Find the line containing "Caswell-Massey Cucumber Eye Pads Jar 24 pads" in the entries below. Restate it and each line after it, word for word, up to and including the line containing "Мягкая игрушка &quot;Bright".

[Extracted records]
------------------------------------------------------------
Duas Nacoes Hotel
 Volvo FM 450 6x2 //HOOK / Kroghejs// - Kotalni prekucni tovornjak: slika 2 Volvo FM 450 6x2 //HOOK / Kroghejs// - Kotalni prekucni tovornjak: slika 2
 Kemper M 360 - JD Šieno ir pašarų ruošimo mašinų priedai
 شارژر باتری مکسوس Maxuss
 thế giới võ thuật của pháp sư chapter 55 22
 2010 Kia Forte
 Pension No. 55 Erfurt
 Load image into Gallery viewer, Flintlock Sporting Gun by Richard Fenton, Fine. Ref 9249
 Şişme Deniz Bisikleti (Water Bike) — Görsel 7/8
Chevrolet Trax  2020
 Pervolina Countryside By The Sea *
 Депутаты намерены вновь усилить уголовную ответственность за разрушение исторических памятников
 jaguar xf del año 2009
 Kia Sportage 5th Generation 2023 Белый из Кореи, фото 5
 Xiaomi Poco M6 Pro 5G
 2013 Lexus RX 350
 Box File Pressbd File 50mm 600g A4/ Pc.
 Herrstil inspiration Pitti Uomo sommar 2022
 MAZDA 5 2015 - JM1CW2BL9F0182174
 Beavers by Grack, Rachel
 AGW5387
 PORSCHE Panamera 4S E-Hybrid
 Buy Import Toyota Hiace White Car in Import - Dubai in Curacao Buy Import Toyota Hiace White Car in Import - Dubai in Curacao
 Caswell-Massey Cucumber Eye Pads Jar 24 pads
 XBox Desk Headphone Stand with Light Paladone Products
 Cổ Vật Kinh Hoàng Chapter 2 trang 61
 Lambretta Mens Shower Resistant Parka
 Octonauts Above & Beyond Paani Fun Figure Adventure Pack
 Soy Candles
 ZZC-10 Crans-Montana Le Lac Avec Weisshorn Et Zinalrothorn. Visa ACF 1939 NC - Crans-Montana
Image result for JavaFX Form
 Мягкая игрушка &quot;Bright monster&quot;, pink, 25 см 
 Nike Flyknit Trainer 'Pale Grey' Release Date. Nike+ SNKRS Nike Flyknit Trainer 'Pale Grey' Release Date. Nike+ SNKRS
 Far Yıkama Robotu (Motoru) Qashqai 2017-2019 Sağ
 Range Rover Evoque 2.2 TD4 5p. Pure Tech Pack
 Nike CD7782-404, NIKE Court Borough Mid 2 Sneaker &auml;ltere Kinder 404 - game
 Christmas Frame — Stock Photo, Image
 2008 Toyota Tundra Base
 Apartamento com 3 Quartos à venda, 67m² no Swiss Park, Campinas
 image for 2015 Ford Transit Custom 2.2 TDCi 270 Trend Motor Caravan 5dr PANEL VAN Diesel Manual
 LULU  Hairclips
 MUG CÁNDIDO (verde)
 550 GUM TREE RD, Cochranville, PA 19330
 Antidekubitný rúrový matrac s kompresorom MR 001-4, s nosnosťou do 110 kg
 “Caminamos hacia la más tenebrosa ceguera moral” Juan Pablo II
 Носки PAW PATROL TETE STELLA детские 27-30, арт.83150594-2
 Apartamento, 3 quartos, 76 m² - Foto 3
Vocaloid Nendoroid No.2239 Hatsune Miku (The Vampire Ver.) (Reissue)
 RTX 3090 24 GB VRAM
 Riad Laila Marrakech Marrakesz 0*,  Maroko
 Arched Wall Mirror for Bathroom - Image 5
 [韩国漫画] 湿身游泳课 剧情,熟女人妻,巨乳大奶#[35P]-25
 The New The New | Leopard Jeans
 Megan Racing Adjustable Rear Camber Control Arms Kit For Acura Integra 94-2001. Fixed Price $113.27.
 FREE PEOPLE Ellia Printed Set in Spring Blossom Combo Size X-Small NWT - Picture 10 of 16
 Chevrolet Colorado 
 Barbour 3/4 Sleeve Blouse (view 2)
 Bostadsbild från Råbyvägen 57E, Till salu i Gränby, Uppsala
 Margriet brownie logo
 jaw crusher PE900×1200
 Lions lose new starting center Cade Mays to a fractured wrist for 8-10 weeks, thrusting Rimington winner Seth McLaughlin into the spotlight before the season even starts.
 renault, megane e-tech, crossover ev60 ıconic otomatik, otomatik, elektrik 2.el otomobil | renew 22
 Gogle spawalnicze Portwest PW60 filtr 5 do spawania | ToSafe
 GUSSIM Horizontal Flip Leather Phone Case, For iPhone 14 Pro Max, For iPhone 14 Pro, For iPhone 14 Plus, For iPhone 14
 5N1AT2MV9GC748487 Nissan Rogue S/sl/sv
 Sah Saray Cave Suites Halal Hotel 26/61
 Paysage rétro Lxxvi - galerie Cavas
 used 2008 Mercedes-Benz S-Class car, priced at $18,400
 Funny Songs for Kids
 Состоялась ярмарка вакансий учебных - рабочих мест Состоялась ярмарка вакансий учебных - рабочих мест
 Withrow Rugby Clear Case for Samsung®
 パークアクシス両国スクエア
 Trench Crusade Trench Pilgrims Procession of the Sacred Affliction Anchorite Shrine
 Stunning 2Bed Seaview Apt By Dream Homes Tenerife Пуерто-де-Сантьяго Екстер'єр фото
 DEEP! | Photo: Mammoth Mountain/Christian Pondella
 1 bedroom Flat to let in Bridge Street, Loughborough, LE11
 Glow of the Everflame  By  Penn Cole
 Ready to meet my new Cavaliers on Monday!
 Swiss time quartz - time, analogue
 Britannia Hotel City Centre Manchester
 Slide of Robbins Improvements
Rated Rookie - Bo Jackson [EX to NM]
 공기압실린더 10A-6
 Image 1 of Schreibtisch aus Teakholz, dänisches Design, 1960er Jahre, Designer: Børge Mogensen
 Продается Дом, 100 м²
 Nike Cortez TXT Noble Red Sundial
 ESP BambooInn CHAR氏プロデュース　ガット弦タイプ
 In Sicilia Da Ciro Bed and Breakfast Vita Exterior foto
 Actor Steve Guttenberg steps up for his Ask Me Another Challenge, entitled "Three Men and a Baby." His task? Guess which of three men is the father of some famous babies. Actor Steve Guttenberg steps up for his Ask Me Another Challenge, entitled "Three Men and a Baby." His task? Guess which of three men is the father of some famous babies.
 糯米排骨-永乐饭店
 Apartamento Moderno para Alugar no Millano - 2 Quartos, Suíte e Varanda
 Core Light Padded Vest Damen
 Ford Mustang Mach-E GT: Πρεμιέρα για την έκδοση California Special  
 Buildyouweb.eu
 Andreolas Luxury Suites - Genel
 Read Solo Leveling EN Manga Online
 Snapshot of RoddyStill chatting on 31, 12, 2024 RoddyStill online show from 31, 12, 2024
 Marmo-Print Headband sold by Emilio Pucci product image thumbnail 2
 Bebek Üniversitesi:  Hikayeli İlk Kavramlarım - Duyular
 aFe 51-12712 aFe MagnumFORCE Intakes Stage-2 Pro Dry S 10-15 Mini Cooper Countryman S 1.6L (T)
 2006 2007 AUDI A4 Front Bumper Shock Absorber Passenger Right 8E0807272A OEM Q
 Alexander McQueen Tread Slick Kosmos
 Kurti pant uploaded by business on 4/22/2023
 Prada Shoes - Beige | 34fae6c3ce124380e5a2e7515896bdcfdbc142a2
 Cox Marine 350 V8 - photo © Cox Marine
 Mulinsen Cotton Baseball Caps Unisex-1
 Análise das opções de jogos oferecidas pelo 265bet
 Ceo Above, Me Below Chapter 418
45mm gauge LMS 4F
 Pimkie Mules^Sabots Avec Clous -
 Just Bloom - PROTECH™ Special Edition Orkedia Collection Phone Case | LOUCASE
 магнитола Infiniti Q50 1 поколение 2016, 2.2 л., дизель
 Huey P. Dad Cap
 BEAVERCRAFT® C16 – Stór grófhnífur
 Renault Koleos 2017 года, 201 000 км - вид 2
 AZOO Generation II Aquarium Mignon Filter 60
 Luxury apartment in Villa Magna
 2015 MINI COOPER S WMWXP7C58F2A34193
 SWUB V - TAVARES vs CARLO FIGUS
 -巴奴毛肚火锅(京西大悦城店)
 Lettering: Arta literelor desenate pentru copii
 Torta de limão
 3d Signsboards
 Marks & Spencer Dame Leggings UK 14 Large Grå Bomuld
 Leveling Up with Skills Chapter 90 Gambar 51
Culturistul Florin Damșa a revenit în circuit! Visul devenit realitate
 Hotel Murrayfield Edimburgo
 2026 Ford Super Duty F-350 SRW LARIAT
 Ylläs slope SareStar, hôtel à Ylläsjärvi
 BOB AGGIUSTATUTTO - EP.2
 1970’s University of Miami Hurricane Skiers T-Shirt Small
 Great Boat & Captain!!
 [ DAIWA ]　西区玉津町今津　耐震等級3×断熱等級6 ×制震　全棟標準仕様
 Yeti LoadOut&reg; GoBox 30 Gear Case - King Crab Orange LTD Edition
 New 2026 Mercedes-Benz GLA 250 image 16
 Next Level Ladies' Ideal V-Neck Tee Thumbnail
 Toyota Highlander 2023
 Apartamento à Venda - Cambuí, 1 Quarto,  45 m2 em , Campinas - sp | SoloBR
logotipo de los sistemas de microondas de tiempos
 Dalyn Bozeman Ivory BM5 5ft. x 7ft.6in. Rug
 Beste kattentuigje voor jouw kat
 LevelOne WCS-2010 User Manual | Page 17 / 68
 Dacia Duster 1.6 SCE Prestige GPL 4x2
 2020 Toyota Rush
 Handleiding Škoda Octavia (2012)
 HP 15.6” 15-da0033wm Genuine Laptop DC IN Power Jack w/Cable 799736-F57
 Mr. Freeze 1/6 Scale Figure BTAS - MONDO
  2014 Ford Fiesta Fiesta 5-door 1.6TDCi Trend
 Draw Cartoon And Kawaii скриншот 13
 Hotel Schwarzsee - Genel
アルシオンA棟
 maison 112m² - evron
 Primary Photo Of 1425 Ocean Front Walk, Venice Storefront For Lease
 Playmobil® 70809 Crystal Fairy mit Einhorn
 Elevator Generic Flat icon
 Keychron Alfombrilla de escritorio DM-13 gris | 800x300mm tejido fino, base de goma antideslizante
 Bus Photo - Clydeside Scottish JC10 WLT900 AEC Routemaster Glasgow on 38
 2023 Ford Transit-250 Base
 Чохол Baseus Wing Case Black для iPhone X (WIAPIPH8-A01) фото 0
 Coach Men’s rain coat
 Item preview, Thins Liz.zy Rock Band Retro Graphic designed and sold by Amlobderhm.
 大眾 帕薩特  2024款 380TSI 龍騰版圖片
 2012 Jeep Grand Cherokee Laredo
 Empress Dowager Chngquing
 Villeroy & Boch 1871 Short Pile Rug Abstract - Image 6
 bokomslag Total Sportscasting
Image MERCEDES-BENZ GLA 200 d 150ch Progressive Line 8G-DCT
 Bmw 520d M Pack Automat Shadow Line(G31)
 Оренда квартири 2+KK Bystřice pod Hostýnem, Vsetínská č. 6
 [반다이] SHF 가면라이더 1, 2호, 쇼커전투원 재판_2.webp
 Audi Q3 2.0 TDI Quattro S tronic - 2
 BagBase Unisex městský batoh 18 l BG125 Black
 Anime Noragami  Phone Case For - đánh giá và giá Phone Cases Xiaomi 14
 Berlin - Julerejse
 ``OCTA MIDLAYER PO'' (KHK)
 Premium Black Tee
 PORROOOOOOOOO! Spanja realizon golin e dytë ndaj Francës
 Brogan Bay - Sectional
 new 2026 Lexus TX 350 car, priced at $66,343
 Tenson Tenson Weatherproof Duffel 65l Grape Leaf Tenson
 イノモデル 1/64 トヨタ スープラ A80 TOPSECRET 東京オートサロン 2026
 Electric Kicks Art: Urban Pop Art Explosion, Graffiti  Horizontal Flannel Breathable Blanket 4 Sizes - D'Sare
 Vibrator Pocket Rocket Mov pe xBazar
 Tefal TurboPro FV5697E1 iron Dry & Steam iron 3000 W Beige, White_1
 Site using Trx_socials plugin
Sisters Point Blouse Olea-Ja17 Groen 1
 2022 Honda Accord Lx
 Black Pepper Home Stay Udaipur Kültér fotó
------------------------------------------------------------
# EXERCISE ANSWER:
 Caswell-Massey Cucumber Eye Pads Jar 24 pads
 XBox Desk Headphone Stand with Light Paladone Products
 Cổ Vật Kinh Hoàng Chapter 2 trang 61
 Lambretta Mens Shower Resistant Parka
 Octonauts Above & Beyond Paani Fun Figure Adventure Pack
 Soy Candles
 ZZC-10 Crans-Montana Le Lac Avec Weisshorn Et Zinalrothorn. Visa ACF 1939 NC - Crans-Montana
Image result for JavaFX Form
 Мягкая игрушка &quot;Bright monster&quot;, pink, 25 см 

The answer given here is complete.